Data agnostic copy? Possible in Java?


#1

Trying to copy data from one cluster to another, but I don’t necessarily know the content type of the data I’m copying (JSON, Binary, etc). So, similar to what XDCR does, I suppose. Also, during this time, I’d like to modify (preserve) the TTL of the data being written.

Seems like all the supporting classes in Java require knowledge of the content.

Is there a way to do this?

Thanks - Howie


#2

Hi Howie,

It might be possible to achieve this using a custom document type.

When opening a bucket you can pass a list of custom document transcoders. You could define your own AgonsticDocument and AgnosticTranscoder classes using BinaryDocument and BinaryTranscoder as models. AgnosticDocument could have a flags field to remember the document type.

Two caveats with this approach:

  • Versions 2.4.4 through 2.5.0 of the Java client have a bug that prevents using custom transcoders. This bug will be fixed in the 2.5.1 release.

  • Document TTL (expiration) is not visible to transcoders. You’d need to get the expiration time some other way, from either a view or a N1QL query (expiration is available as metadata in N1QL starting with Couchbase Server 5.0).


#3

Excellent! Thanks! This should work for what we need to do!


#4

This was easy as pie. @david.nault Do you know when 2.5.1 is expected to drop? Easier to support latest than to fork / workaround with what we have. The release notes don’t talk about custom transcoders being a known issue.

Thanks again!


#5

That’s great to hear!

You are correct, previous release notes don’t mention the issue; it was discovered only recently. A regression test is in the works.

I can’t make any promises, but the current plan is to release 2.5.1 tomorrow.


#6

Version 2.5.1 of the Java SDK has been released :tada:


#7

Hey @david.nault ,

I’ve noticed a few issues that might affect using an agnostic document type:

  1. Looks like I’m always getting flags = 0 as part of a response for a document created by the console… I’d figure that should have some json-indicating flags, right?

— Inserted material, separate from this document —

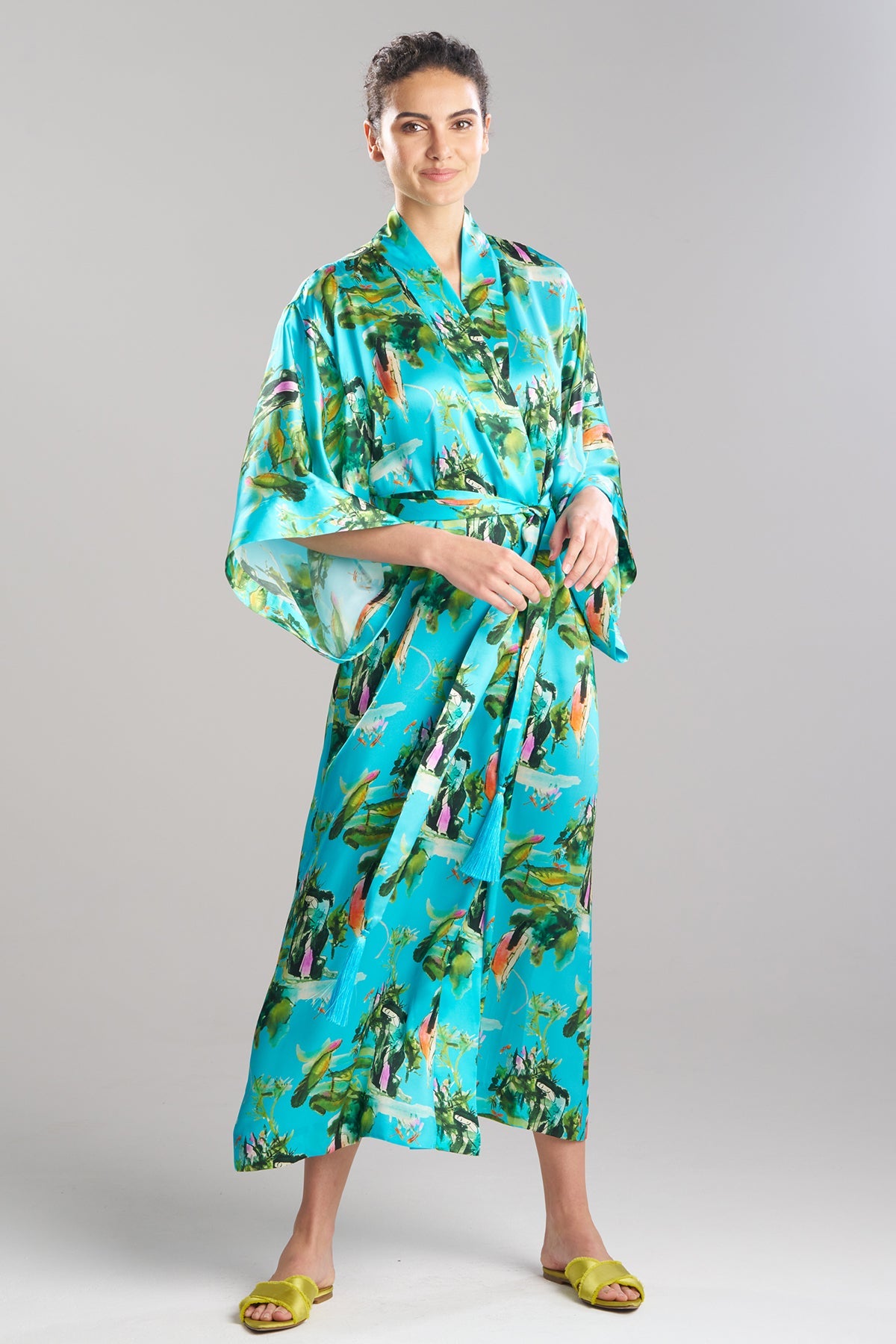 NATORI Bali Silk Robe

  2. Also, with this AgnosticDocument, what is the correct way to override the transcoder?

    public AgnosticDocument newDocument(String id, int expiry, ByteBuf content, long cas)
    public AgnosticDocument newDocument(String id, int expiry, ByteBuf content, long cas,
    MutationToken mutationToken);

Those methods don’t take a flags parameter, so it looks like we’d lose the document type being tracked. I’ve noticed this gets called by Upsert. I don’t think this is critically important in my case (I do not consume the response from an Upsert), but seems like there’s something amiss with that creation.


#8
  1. Which console are we talking about – the web UI, the cbc binary, the couchbase-cli tool, or something else I haven’t learned about yet?

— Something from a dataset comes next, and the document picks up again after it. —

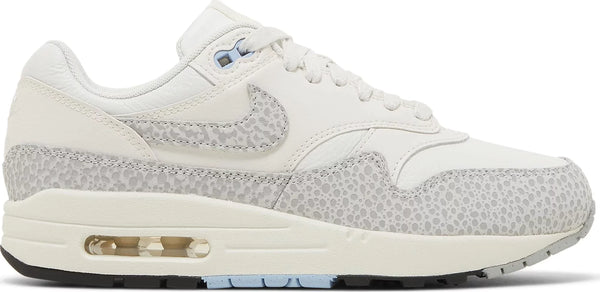 [FB5059-100] Womens Nike AIR MAX 1 'SAFARI - SUMMIT WHITE'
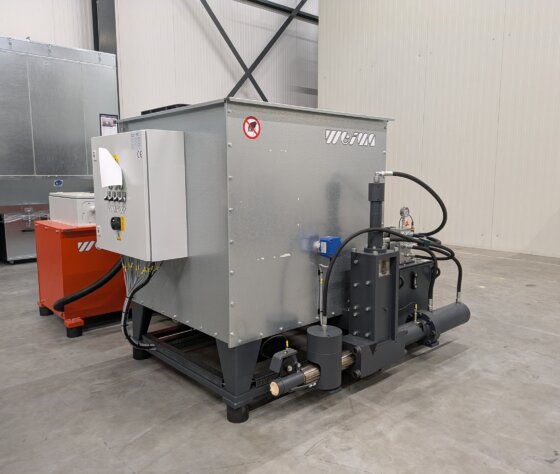 Brikettenpers Weima C150-afbeelding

  2. You are correct; I don’t see a good way to preserve the flags along that code path. Some plumbing changes would definitely be required. Let me know if this becomes important for your use case and we can definitely explore further.


#9
  1. The Web UI. It’s probably okay, but something to be aware of. Since the web ui requires JSON, I’d expect there to be some flags.
  2. Yeah; just mentioning it. Again, we don’t consume that response, but I was originally planning on not implementing those methods (throwing an exception), but that fails. So, I just sort of track that in my entity and will throw an exception if consumed (again, no plans to consume).

#10

Sounds like a bug if the Web UI isn’t setting the JSON flags properly… thanks for raising the issue! Works for me with Couchbase Server 5.0 beta. What version are you using?


#11

We’re on version 4.5.1 and it’s definitely doing it. Create a default document, load it up and see flags = 0


#12

Well, this was educational for me. Prior to Couchbase Server 5.0, the Web UI acts like a “legacy client” and does not set document flags.

As you may have already discovered, the modern Couchbase client libraries interoperate with legacy clients by treating flags=0 as a wildcard that can be read as any document type.

This is indeed, as you say, just something to be aware of.